Decreasing women's anxieties after abnormal mammograms: a controlled trial

Affiliations
Clinical Trial

Decreasing women's anxieties after abnormal mammograms: a controlled trial

Mary B Barton et al. J Natl Cancer Inst. .

Abstract

Background: Few studies have evaluated interventions to decrease a woman's anxiety after she receives an abnormal mammogram (i.e., one with a recommendation for follow-up). We performed a controlled trial to compare the effects of both an immediate reading of mammograms (i.e., a radiology intervention) and of an educational intervention that taught skills to cope with anxiety on the psychological status of women whose mammograms were normal or abnormal.
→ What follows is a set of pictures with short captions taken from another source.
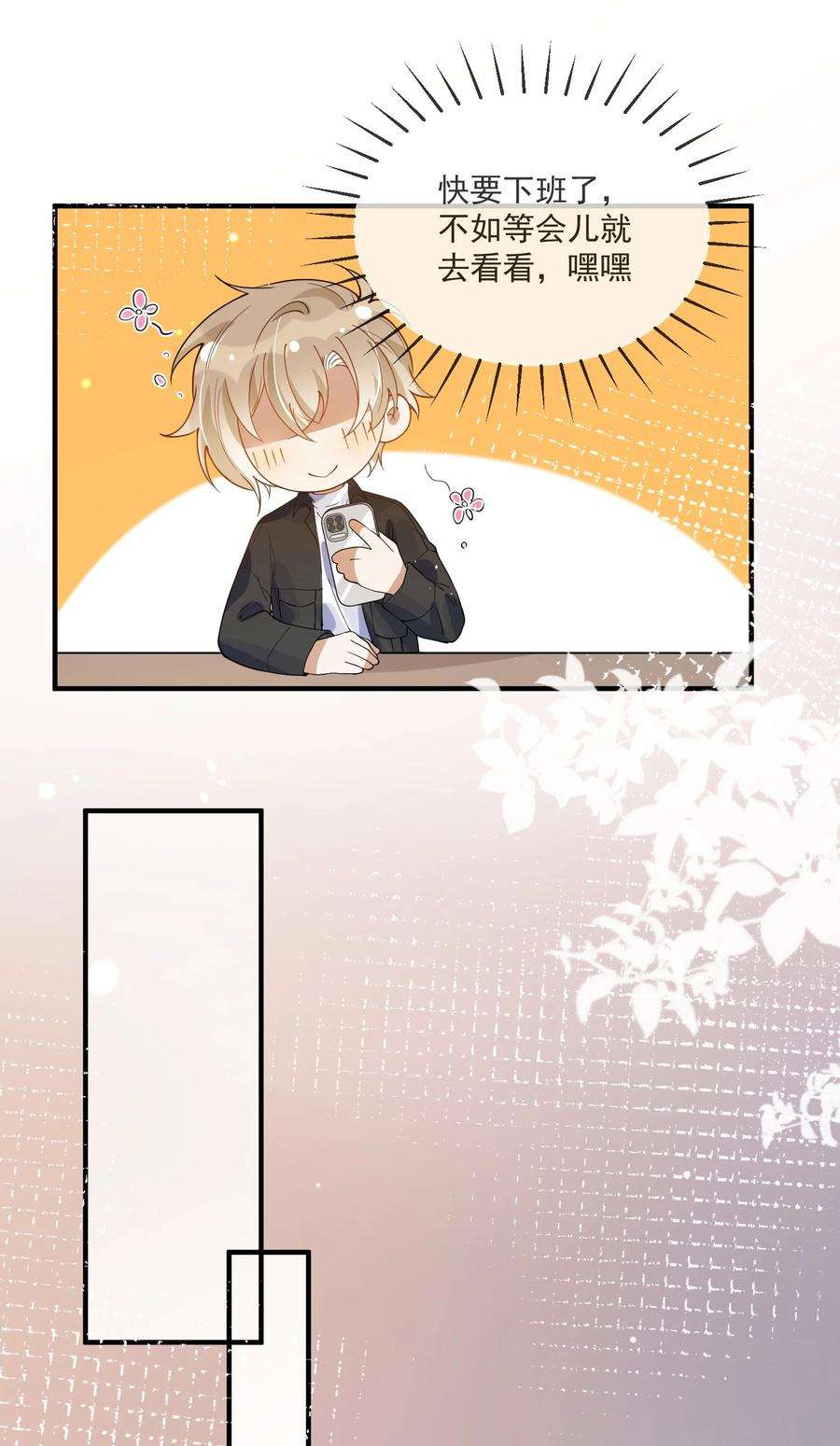 我长得帅就可以为所欲为064 登徒子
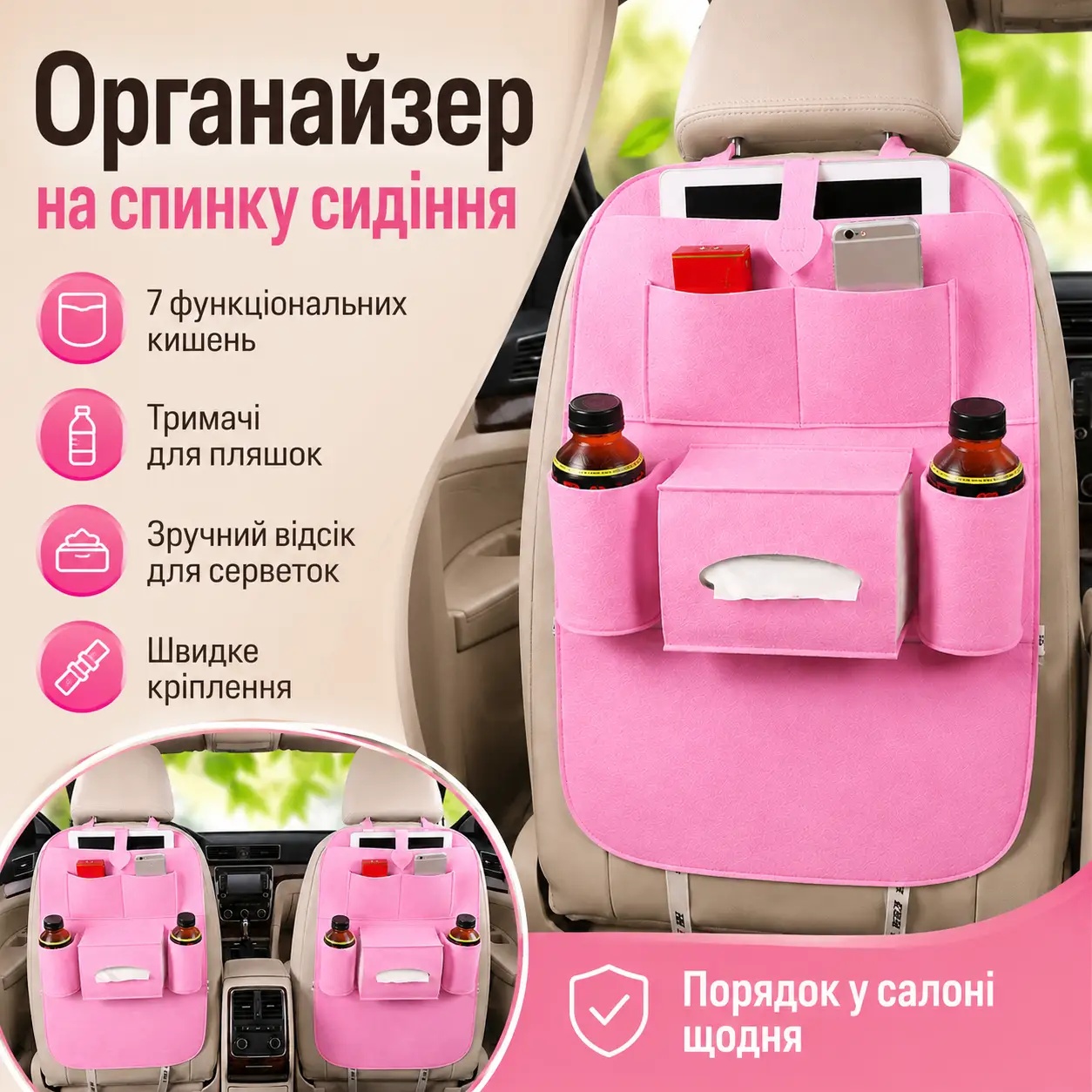 УЦІНКА! Автоорганайзер на сидіння, 7 кишень, 56x45 см, Коричневий / Органайзер у машину / Органайзер (Немає паковання 3684)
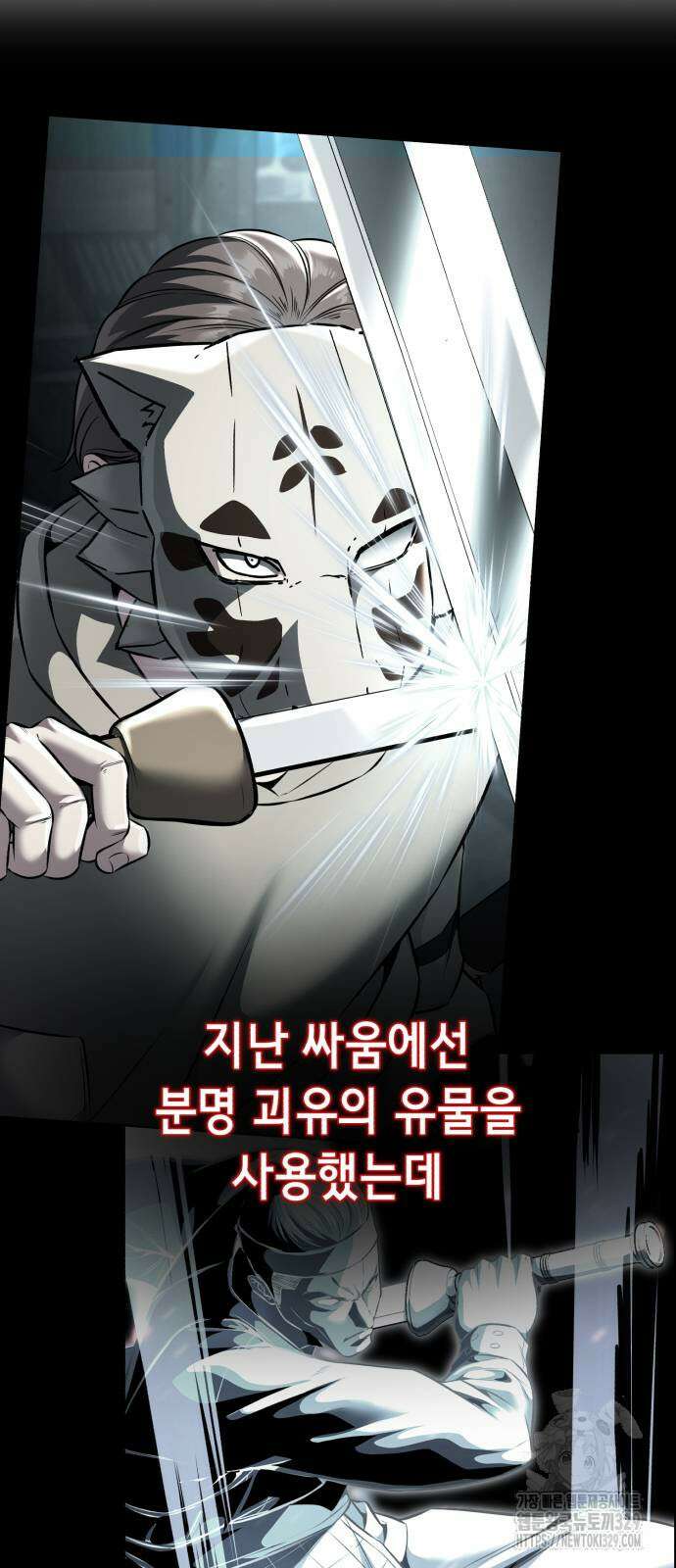 사신소년 2부 71화 22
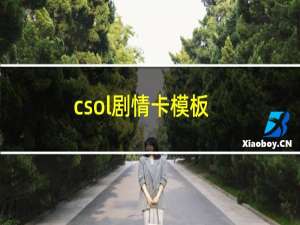 csol剧情卡模板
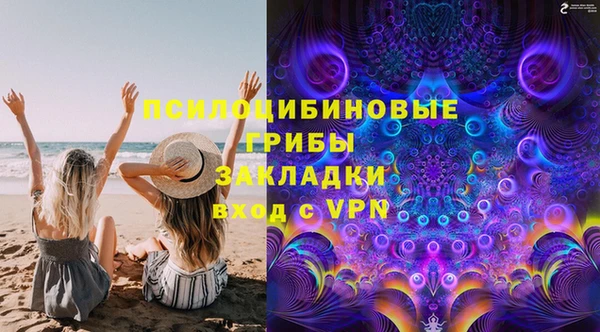 марки nbome Красноперекопск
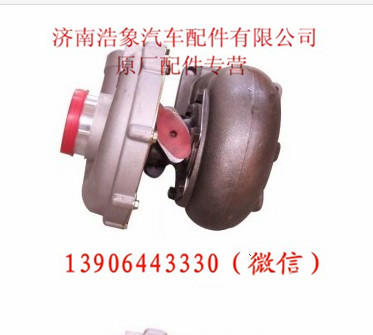 VG1540110099,,济南浩象汽车配件有限公司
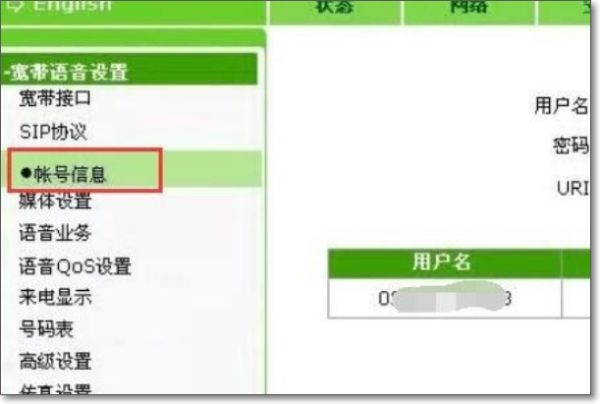 034911fdhssc4c41r194mt.png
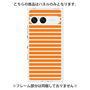 プレミアムパネル［ Middle Border - Orange ］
Methods: Eligible women (n = 8543) aged 39 years or older were recruited from seven mammography sites at the time of their scheduled mammography screening and assigned to receive no intervention, either the radiology or the educational intervention, or both interventions. We used the Impact of Events Scale (IES) and the Hopkins Symptom Checklist subscales for Anxiety (HSC-A) and Depression (HSC-D) in structured telephone interviews of 2844 women to assess the psychological status of all women with abnormal mammograms (excluding women diagnosed with breast cancer) and of a random sample of women with normal mammograms at 3 weeks and 3 months after their mammograms. All statistical tests were two-sided.
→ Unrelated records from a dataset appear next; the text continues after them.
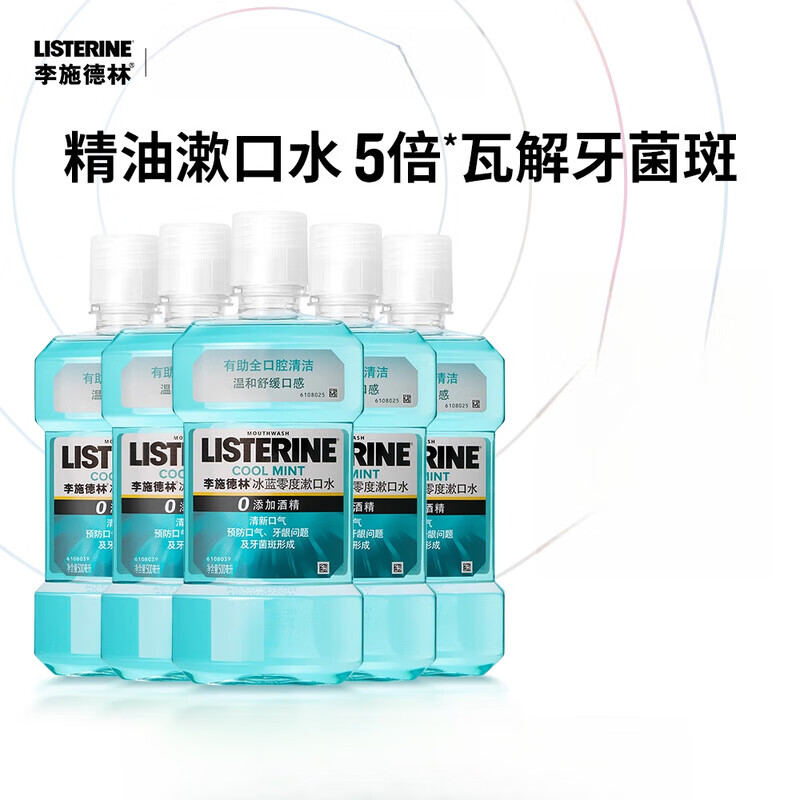 李施德林 LISTERINE【汪顺同款】零度精油漱口水清洁口腔口臭口气清新留香 【5瓶优惠】零度500ml*5 500ml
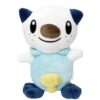 Peluche Moustillon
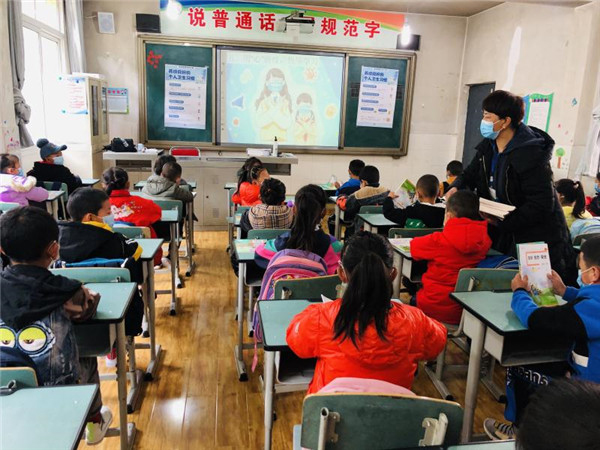 圖片默認標題_fororder_4、恢複上課的學生們-攝影-左斌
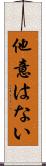 他意はない Scroll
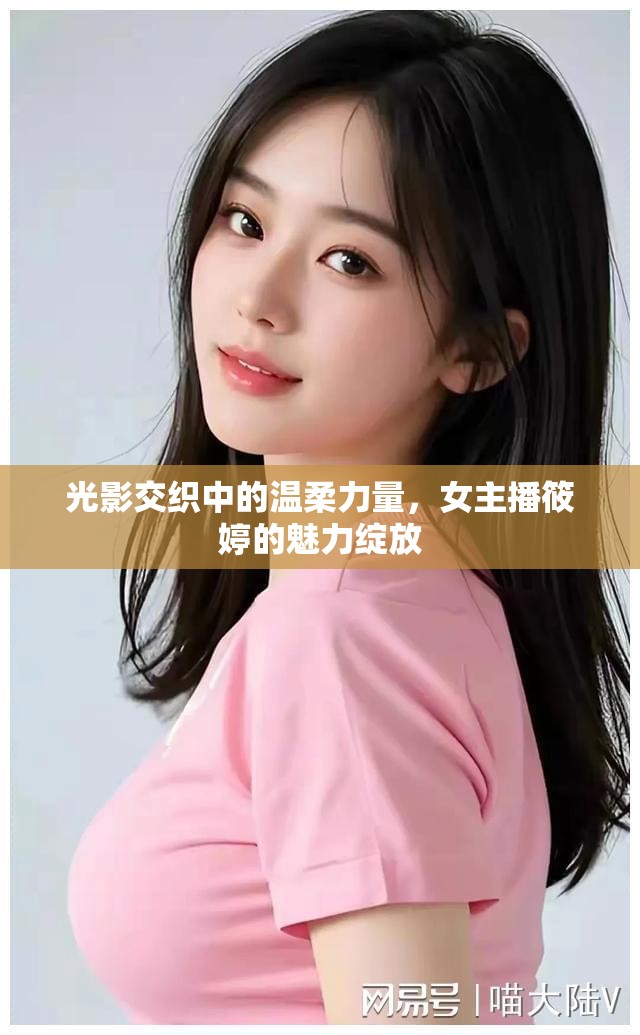 光影交織中的溫柔力量，女主播筱婷的魅力綻放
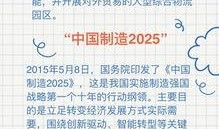 网络名词吃瓜群众什么意思啊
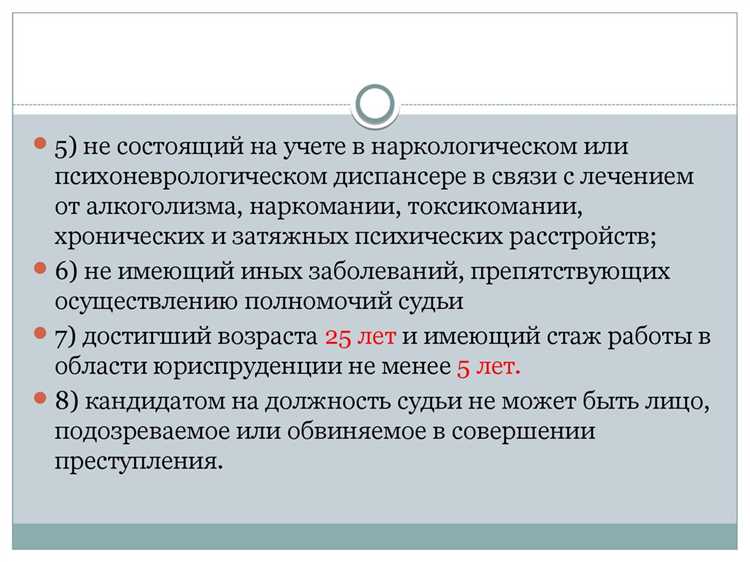 Чем отличаются районные суды от городских в структуре судебной системы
Results: We obtained usable 3-week interviews for 2390 (84%) women. By the 3-week interview, 1037 (72.1%) of the 1439 interviewed women with abnormal mammograms had completed the recommended work-up and knew that their abnormal mammograms were false positives. Women with abnormal mammograms had higher IES and HSC-A scores (i.e., more anxiety) than women with normal mammograms (mean IES scores: 4.97 [95% confidence interval [CI] = 4.47 to 5.50] and 1.82 [95% CI = 1.51 to 2.14], respectively; P<.001; mean HSC-A scores: 1.14 [95% CI = 1.12 to 1.15] and 1.11 [95% CI = 1.09 to 1.13], respectively, P=.002). Among women with false-positive mammograms, those who had received the radiology intervention reported less anxiety than those who had not (mean IES scores: 4.42 [95% CI = 3.73 to 5.07] and 5.53 [95% CI = 4.82 to 6.28], respectively, P=.026). The educational intervention was not associated with any difference in psychological outcomes. Three months after the mammogram, by which time more than 80% of the women with abnormal results knew their mammograms to be false positives, anxiety levels of women with false-positive mammograms remained higher than those of women with normal mammograms (mean IES scores: 2.34 [95% CI = 1.99 to 2.69] and 1.15 [95% CI = 0.87 to 1.47], respectively, P<.001).

Conclusion: Immediate reading of screening mammograms, but not an educational intervention targeting coping skills, was associated with less anxiety among women with false-positive mammograms 3 weeks after mammography.